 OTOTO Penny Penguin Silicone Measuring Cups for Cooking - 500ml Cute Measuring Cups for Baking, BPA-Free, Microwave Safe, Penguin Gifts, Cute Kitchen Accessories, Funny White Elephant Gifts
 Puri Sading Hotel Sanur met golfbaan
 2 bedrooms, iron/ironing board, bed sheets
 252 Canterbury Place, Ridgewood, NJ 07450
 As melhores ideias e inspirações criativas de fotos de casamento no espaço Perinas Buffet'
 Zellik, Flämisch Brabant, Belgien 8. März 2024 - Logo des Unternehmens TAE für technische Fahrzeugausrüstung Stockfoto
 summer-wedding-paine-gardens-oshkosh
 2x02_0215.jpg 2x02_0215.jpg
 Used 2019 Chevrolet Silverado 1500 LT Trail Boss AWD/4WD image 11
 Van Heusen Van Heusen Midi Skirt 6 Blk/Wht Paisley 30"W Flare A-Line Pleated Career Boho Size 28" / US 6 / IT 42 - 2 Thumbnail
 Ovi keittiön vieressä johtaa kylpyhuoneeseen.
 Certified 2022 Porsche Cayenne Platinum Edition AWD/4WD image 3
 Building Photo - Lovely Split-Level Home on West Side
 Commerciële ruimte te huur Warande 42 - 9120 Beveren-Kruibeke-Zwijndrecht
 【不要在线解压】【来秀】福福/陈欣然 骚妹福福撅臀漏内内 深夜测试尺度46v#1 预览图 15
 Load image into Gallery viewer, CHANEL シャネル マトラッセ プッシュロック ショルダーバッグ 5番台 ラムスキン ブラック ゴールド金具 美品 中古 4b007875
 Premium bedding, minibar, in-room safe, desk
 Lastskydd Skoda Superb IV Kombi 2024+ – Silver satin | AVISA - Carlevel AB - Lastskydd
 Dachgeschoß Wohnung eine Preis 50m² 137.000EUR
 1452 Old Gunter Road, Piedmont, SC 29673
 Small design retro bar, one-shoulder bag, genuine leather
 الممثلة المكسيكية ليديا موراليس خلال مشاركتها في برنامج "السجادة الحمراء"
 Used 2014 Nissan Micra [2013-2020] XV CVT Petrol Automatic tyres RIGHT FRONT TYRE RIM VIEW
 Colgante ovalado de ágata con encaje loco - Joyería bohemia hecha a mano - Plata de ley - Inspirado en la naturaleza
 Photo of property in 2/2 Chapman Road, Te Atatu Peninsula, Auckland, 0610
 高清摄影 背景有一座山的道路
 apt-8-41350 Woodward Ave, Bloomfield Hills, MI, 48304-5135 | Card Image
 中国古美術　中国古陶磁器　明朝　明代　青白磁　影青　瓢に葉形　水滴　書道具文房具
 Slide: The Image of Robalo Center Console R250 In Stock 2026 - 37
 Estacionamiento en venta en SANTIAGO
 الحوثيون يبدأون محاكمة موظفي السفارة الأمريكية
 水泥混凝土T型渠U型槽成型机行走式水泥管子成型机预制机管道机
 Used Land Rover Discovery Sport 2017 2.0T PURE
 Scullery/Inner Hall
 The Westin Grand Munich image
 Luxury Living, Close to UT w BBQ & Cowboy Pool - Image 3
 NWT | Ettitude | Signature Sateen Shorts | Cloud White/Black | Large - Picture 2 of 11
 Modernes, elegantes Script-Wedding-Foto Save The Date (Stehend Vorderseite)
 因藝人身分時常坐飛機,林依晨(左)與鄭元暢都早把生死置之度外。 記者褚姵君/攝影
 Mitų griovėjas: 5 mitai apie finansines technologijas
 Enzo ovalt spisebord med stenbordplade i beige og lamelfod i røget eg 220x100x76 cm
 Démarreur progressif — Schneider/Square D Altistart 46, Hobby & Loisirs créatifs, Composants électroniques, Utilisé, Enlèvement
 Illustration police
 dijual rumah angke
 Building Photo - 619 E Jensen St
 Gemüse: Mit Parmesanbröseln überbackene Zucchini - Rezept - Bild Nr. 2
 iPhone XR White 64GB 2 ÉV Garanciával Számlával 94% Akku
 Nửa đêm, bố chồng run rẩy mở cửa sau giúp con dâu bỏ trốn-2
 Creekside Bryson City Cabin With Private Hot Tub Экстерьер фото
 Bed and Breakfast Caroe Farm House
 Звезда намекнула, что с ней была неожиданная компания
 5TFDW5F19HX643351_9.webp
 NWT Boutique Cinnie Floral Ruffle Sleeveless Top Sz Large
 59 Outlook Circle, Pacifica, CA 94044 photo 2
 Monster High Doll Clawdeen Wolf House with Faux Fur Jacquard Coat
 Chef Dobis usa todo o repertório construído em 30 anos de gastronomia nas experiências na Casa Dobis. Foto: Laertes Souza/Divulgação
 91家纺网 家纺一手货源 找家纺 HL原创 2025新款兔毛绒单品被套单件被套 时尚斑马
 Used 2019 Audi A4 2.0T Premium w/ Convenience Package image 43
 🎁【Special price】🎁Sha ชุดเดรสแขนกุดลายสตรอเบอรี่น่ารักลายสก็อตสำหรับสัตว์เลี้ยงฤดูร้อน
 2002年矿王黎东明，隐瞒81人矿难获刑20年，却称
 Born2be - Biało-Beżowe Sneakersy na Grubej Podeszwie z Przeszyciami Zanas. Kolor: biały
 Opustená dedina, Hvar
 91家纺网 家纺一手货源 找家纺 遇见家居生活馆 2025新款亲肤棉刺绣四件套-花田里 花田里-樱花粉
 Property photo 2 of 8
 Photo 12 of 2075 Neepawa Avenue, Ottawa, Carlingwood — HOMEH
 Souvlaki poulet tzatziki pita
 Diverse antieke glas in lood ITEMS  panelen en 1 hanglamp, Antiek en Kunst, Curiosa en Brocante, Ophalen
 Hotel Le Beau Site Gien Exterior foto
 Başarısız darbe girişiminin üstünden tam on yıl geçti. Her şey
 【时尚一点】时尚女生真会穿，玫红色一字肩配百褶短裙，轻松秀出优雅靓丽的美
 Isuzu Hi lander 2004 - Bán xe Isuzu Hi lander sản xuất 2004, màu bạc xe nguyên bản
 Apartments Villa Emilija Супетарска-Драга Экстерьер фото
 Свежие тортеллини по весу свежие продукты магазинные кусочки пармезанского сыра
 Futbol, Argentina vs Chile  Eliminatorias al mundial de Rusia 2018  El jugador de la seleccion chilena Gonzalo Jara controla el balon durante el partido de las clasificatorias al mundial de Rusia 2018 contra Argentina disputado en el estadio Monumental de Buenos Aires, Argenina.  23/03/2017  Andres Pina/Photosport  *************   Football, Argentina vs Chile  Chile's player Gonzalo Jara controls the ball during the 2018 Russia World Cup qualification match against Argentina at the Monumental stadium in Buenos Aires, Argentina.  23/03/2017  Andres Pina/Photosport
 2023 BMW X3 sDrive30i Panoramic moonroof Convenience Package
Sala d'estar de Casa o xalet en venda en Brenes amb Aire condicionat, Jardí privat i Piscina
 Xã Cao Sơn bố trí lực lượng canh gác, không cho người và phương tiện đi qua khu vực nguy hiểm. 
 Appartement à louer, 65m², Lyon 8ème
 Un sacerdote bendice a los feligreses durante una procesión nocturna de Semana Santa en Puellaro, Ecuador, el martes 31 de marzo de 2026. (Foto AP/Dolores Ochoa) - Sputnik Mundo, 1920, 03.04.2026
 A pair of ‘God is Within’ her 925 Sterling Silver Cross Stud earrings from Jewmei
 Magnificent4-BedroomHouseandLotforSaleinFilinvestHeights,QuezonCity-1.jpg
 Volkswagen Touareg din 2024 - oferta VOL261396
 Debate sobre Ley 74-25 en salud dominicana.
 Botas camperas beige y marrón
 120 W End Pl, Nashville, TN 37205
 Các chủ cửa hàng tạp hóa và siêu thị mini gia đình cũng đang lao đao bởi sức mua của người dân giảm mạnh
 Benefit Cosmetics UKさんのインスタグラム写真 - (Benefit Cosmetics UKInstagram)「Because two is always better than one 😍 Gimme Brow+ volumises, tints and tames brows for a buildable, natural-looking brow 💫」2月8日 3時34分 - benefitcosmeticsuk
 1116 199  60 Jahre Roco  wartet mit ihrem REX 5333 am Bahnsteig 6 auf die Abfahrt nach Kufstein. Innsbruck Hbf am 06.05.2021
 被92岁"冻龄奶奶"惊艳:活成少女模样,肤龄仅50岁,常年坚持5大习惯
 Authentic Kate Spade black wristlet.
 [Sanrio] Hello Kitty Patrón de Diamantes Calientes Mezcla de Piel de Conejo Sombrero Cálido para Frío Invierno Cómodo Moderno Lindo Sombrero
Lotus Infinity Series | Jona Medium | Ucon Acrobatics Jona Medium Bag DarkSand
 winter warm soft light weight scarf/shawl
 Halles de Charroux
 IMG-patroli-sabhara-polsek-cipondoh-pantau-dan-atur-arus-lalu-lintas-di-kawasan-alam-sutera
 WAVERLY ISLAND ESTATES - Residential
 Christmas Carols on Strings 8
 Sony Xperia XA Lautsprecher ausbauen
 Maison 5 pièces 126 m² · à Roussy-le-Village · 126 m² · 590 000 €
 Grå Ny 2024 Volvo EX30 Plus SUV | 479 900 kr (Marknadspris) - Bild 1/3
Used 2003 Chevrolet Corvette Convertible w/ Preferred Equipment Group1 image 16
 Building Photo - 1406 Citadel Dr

▶ **DIRECTIONS FOR THIS TASK**:
From the records above, give again exactly the lines running from the line with "Звезда намекнула, что" to the line with "Monster High Doll", inclusive.

▶ **WRITTEN SOLUTION**:
 Звезда намекнула, что с ней была неожиданная компания
 5TFDW5F19HX643351_9.webp
 NWT Boutique Cinnie Floral Ruffle Sleeveless Top Sz Large
 59 Outlook Circle, Pacifica, CA 94044 photo 2
 Monster High Doll Clawdeen Wolf House with Faux Fur Jacquard Coat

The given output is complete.